Adam Coffey's effort to engage his team is reflected in the company's growth

Adam Coffey is not a fan of the CBS TV series “Undercover Boss.”
He doesn’t believe in the concept of a show that features a CEO working side by side with his or her employees without ever being recognized as the boss.
“It’s criminal that a CEO could hide from his employees and they don’t know who he is,” says Coffey, president and CEO at WASH Multifamily Laundry Systems. “If I go into any of my offices, every single employee knows who I am. As the leader, you have to get outside of your comfort zone if you’re not comfortable doing that. You need to find a way to get comfortable. In order to be successful, you need to engage with your people.”
Employee engagement played a big part in Coffey’s ability to turn around a business that had fallen behind the times when he arrived in 2003. In those days, WASH had about 60,000 locations and kept track of each of them on 3-by-5 index cards.
Today, the company has 25 branch offices across the U.S. and Canada and 65,000 locations where more than 4.5 million people do their laundry every week. And here’s another fun fact: WASH processes more than 1.7 billion quarters each year.
At the new WASH Multifamily Laundry Systems, technology is an integral part of the company’s operations. This includes smart card payment systems, Web-enabled remote laundry monitoring and a FixLaundry mobile app that allows residents to scan a barcode on a broken machine to request service.
It’s all led to a business that has doubled its revenue in the last five years to reach $450 million and 850 employees. None of it would have been possible if Coffey had kept his employees at a distance.
“You need to ride with your people, understand what they do for a living and understand their challenges,” Coffey says. “A lot of the good ideas in an organization come from these people. So you need to be able to plug into them as an equal or as a peer, not as a CEO to a subordinate. Somewhere in there, you’ll find success.”

All in the family

When Coffey first arrived at WASH, he didn’t know a lot about the company or the industry that it operated in. So he traveled around the country to meet his employees and soak in their knowledge to make it a better business.
It’s a ritual that he maintains to this day.
“Every year, I travel to every city and I talk to every employee,” Coffey says. “I let them know everything I know. There are no secrets in our company. They know how much revenue we have, what our earnings are, what our challenges are and what our goals and objectives are for the year. So I make them part of our company.”
When it was founded, WASH was known as Web Service Co. and had one employee and 50 Westinghouse automatic washing machines. The company incorporated in 1953 and Coffey believes it has remained a family operation, even though the company is now led by a man who is not related to the company’s founding family.

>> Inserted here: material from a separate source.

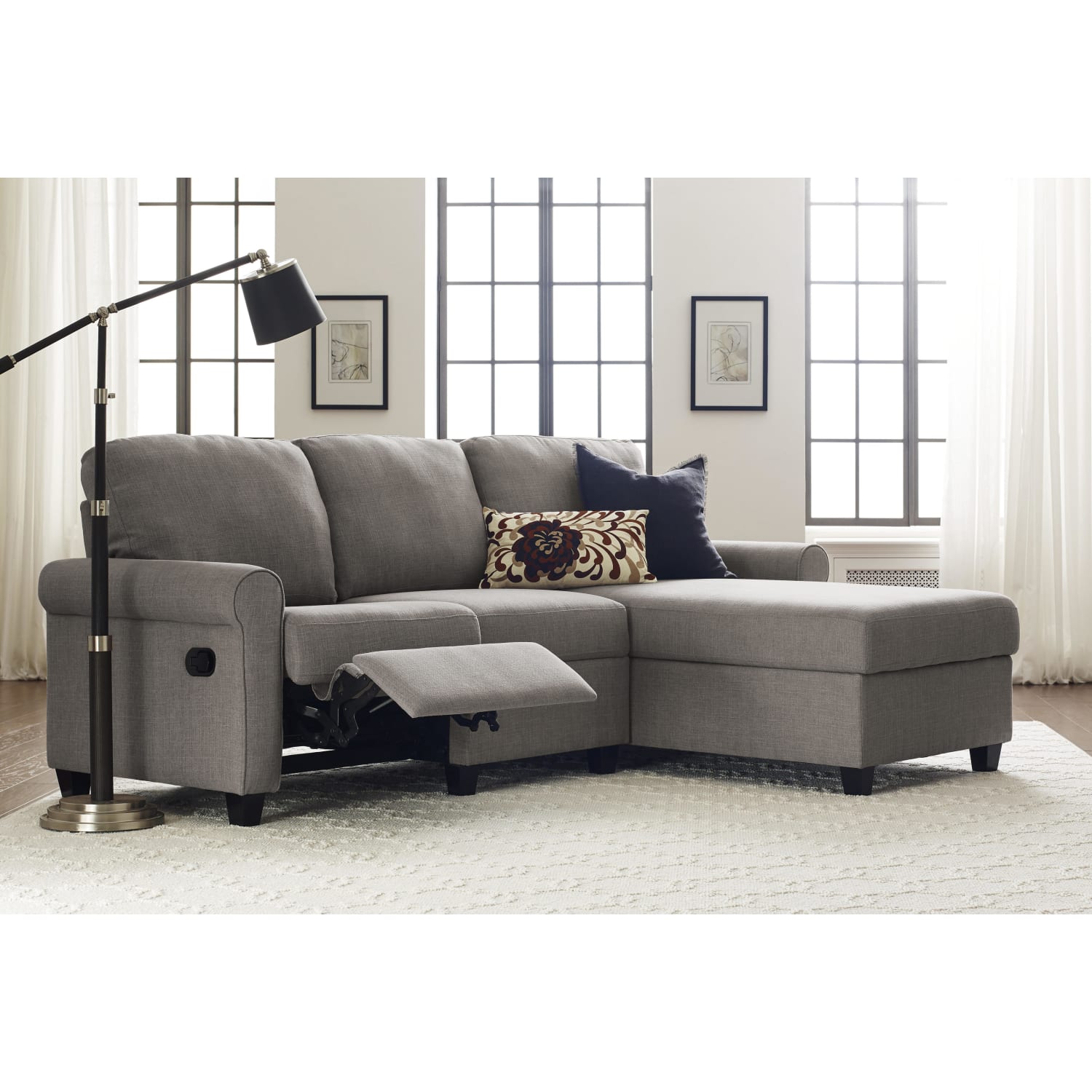 Serta® Copenhagen Reclining Sectional With Storage Chaise, Right, Gray/Espresso - Image 3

“We started as a family business and today, we’re still a family,” Coffey says. “The family no longer owns us. They’re out of the business. But the family is 850 employees. Collectively as a unit, I develop my people and I work with my family. Now it’s kind of fun.

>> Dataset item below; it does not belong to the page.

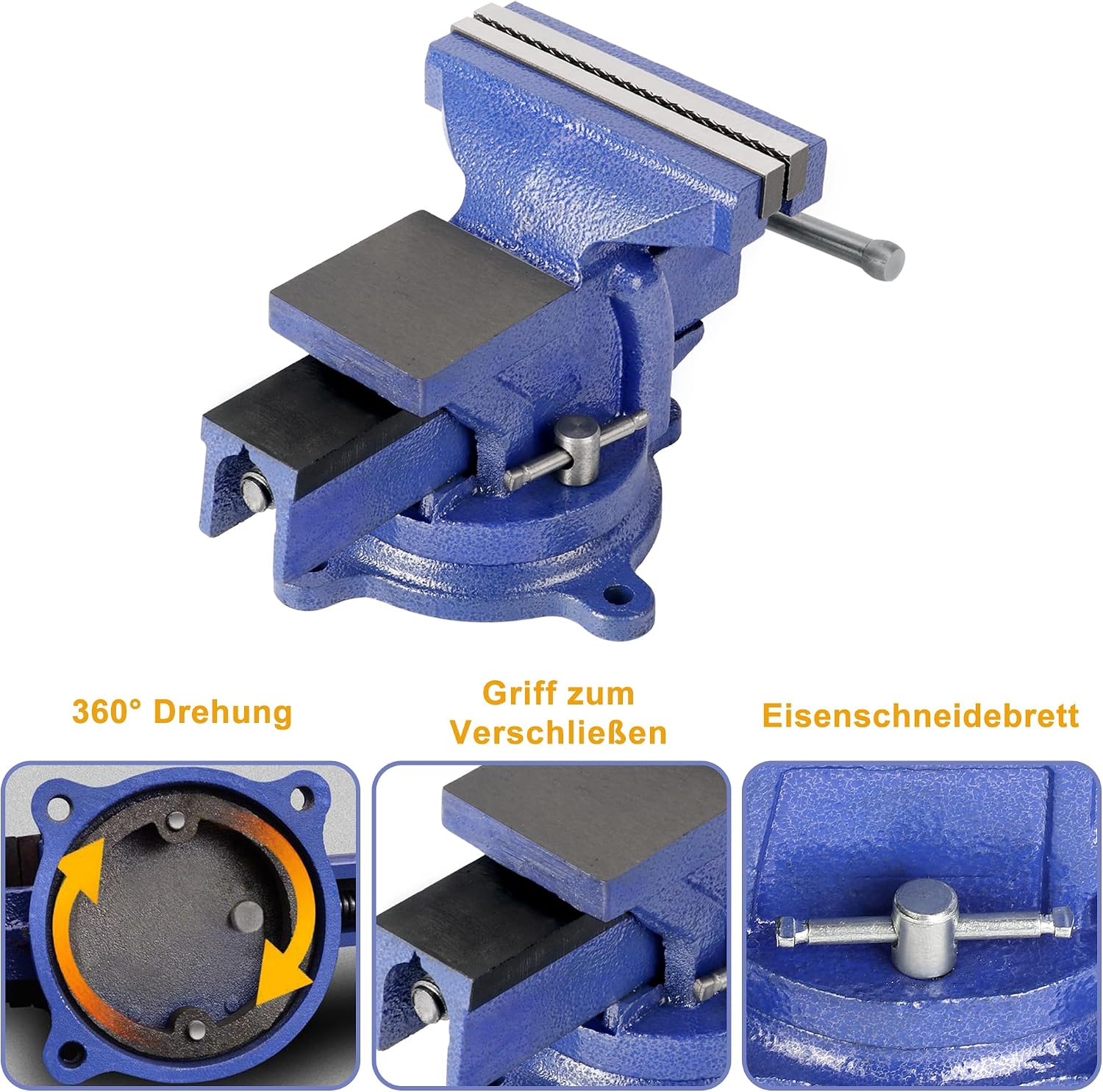 Nisorpa Schraubstock Drehbar 125mm Backenbreite Tischschraubstock mit Amboss 360° Drehbar Gusseisen Handschraubstöcke Parallelschraubstock für Werkbank 3 Nisorpa Schraubstock Drehbar 125mm Backenbreite Tischschraubstock mit Amboss 360° Drehbar Gusseisen Handschraubstöcke Parallelschraubstock für Werkbank – Bild 3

“At this stage, what was driven by me in the beginning is now driven by the employees. I can sit back almost like a proud papa and watch my organization feed on itself as it continues to grow and as our people reach new heights professionally in their careers. They are engaged and they are doing more. That culture is what makes companies successful.”
One of the biggest fears that employees have when change is put on the table is how it will affect them.

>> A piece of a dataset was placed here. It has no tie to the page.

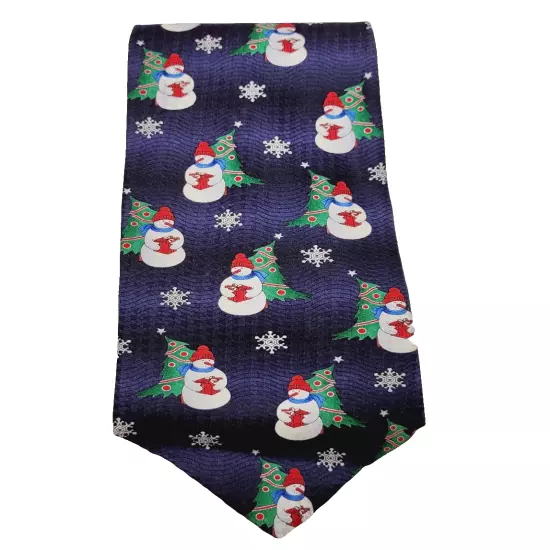 Snowman with Gift Christmas Winter Holiday Wavy Print Blue Vintage Silk Necktie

Coffey works hard to convey an attitude of collaboration over micromanagement.
It comes from recognition that the most valuable resource in most organizations is not the hardware.
“People are the heart of your company,” Coffey says. “So it’s working with people, inspiring people, giving them an opportunity for personal growth and making them part of something. It’s also saying thank you.
“A lot of times, executives can become closed off from the people in the trenches. It’s unfortunate when that happens. But when it does, you lose touch with what is the reality? What is the customer’s reality? What is the employee’s reality? What’s going on day to day in all of these jobs that are being performed by people in the organization?
“When I saw a job classification, I saw people. I knew what those people did for a living. I understood what their challenges were. It gave me a bigger sense of reality very quickly to where I could assess what the challenges were that we faced.”